The administration is “working hard” to deliver to Ukraine the first two units of a promised midrange air defense system, the NASAMS, National Security Council coordinator John Kirby told reporters in Washington. Defense officials have said the system is scheduled for delivery between now and December. An additional six units are also destined for Ukraine, but manufacturing them is likely to take a year or more.

Kirby noted that Ukraine already has elements of a “layered air defense” in its arsenal, including short-range Stingers sent early in the conflict and longer-range, Russian-made S-300 systems from the Soviet era. Ukraine has said it shot down about half of approximately 80 missiles Russia fired at cities far from the front lines Monday, most of them air-launched cruise missiles.

“There is no one silver-bullet weapons system that is best used against cruise missiles,” Kirby said, adding that variables include how soon after launch they are detected and their flight path. “There’s not one system that somehow is going to solve that problem.

“I’m not going to get ahead of where we are in the decision process” of what weapons to send, and when, he added. “We have provided air defense systems to Ukraine, and we plan to continue.
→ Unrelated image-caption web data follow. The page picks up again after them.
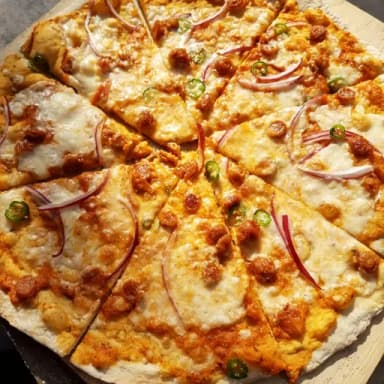 Pizza Chistorra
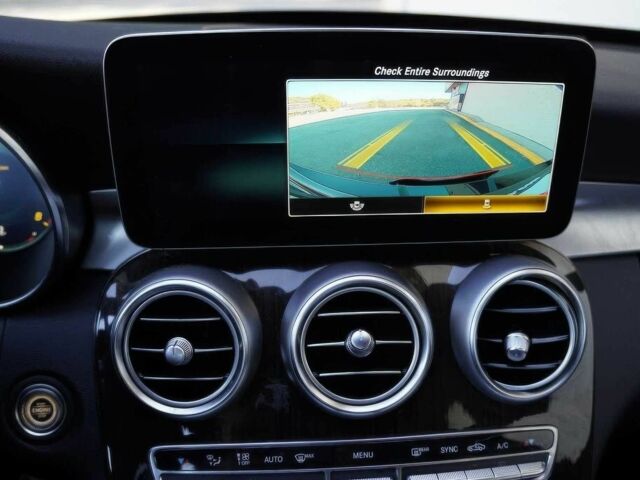 Черный Мерседес Ц-Класс, объемом двигателя 2 л и пробегом 21 тыс. км за 10800 $, фото 9 на Automoto.ua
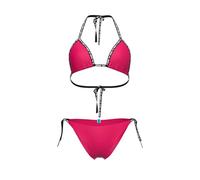ARENA Women's Solid Bikini Triangle Bañador de Dos Piezas Mujer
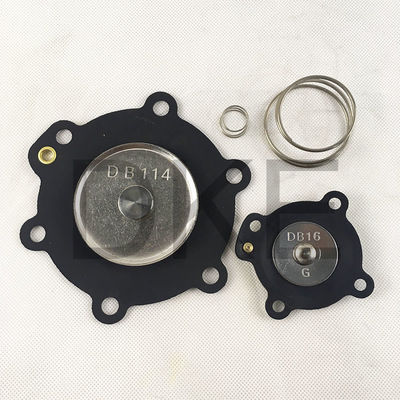 Mecair DB114/g Solénoïde à pulsation de la valve de réparation du diaphragme 1 1/2 "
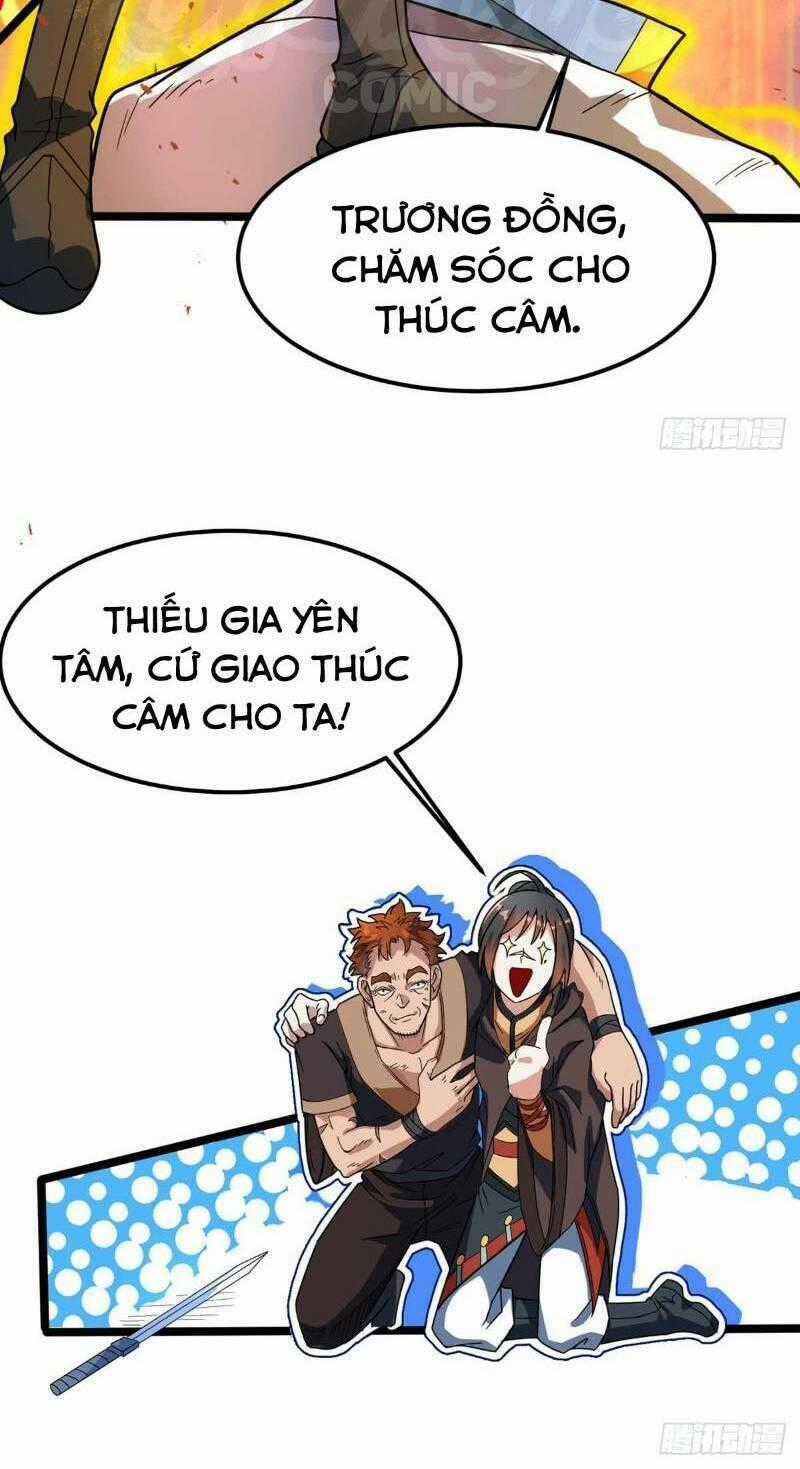 Đan Võ Chí Tôn - Chapter 6 - Trang 2
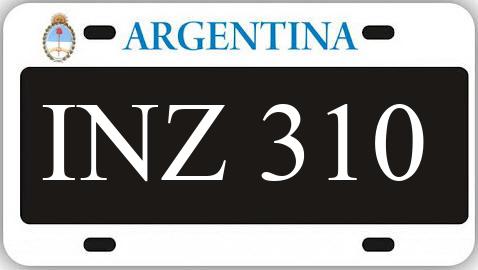 Patente INZ310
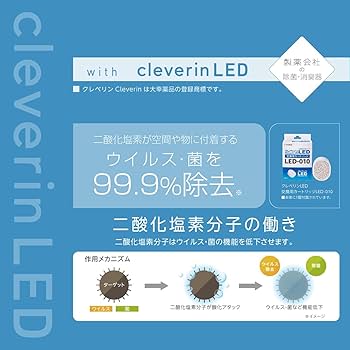 Amazon | ドウシシャ カモメファン クレベリンファンサーキュレーター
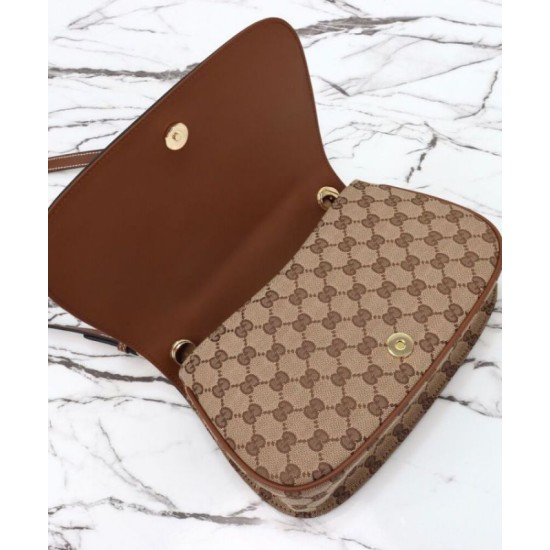 Replica Imitazione Borsa piccola Gucci Blondie con manico superiore 815714 Caffè Riproduzione Fedele Imitazione Borsa piccola Gucci Blondie con manico superiore 815714 Caffè imitazioni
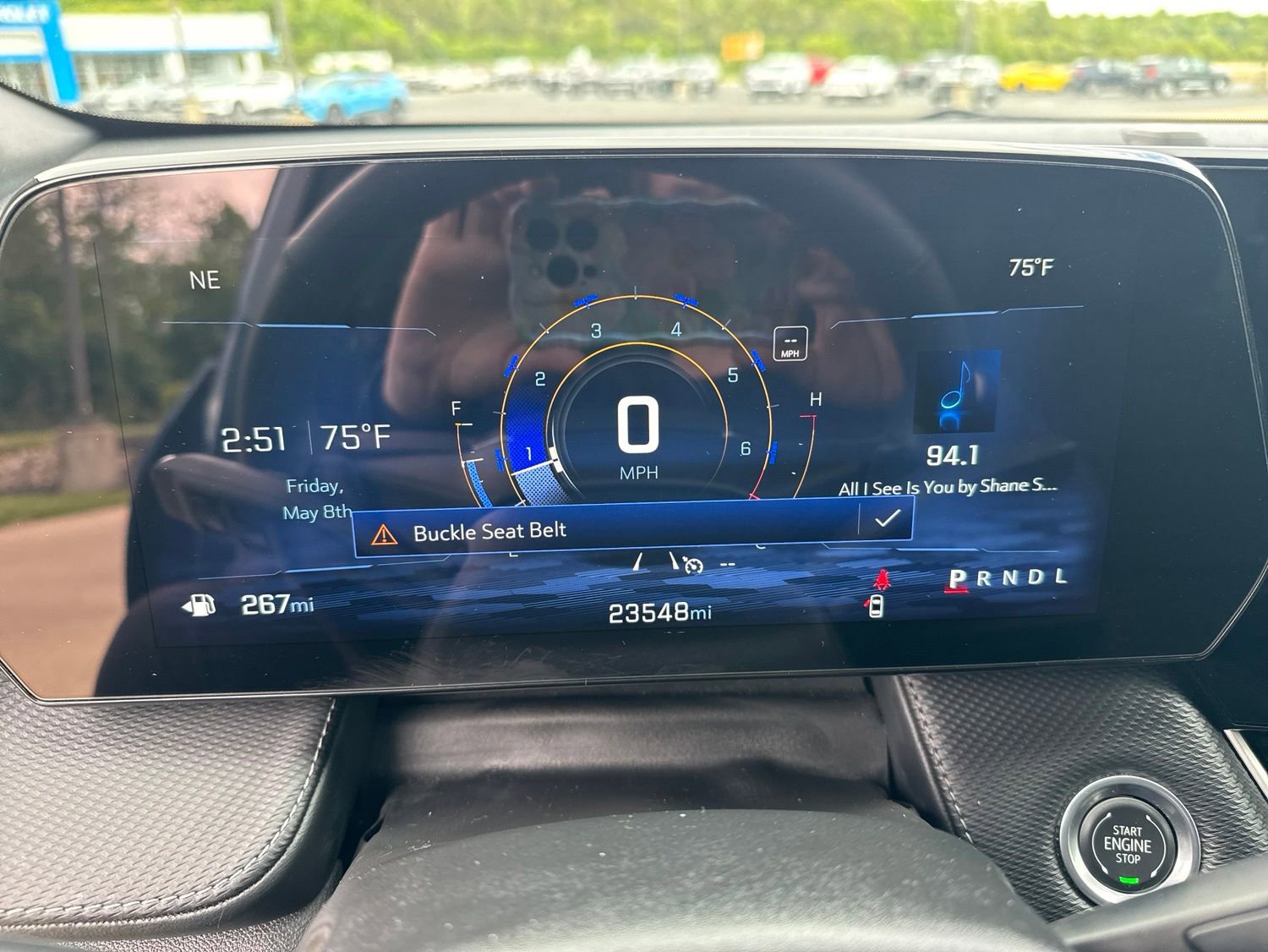 Used 2025 Chevrolet Equinox LT w/ Safety and Technology Package FWD image 21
When there is something to announce in that regard . . . we will do that.”

In Germany, Der Spiegel magazine said the first of four German IRIS-T vehicle-mounted air defense systems had arrived in Ukraine, a day after Defense Minister Christine Lambrecht said that shipment of the long-promised systems was being accelerated.

In Brussels, where a gathering of the Ukraine “contact group” of more than 40 nations contributing supplies to Ukraine is scheduled this week, along with a meeting of NATO defense ministers, NATO Secretary General Jens Stoltenberg told reporters that they would discuss how to “ramp up production” of defense equipment, both to send it to Ukraine and to replenish their own stocks. The German systems, he said, were “something that Germany was expecting to order for itself.”

“I expect ministers to make decisions . . . on how to use the NATO planning process” to agree on production targets and provide industry with long-term orders, he said.

Energy prices were also a major theme of the G-7 discussions, with leaders saying that while there had been good progress on cutting energy use, “there was concern on prices and a broad agreement that more needs to be done through mechanisms like oil and gas price caps,” the official with direct knowledge of the talks said. Biden, the official said, spoke about the United States’ willingness to support the energy market with liquefied natural-gas deliveries and expressed concern about announced production cuts by the OPEC Plus cartel, of which both Russia and Saudi Arabia are members.

Kirby later told reporters that the administration was “reviewing” the U.S. relationship with Saudi Arabia.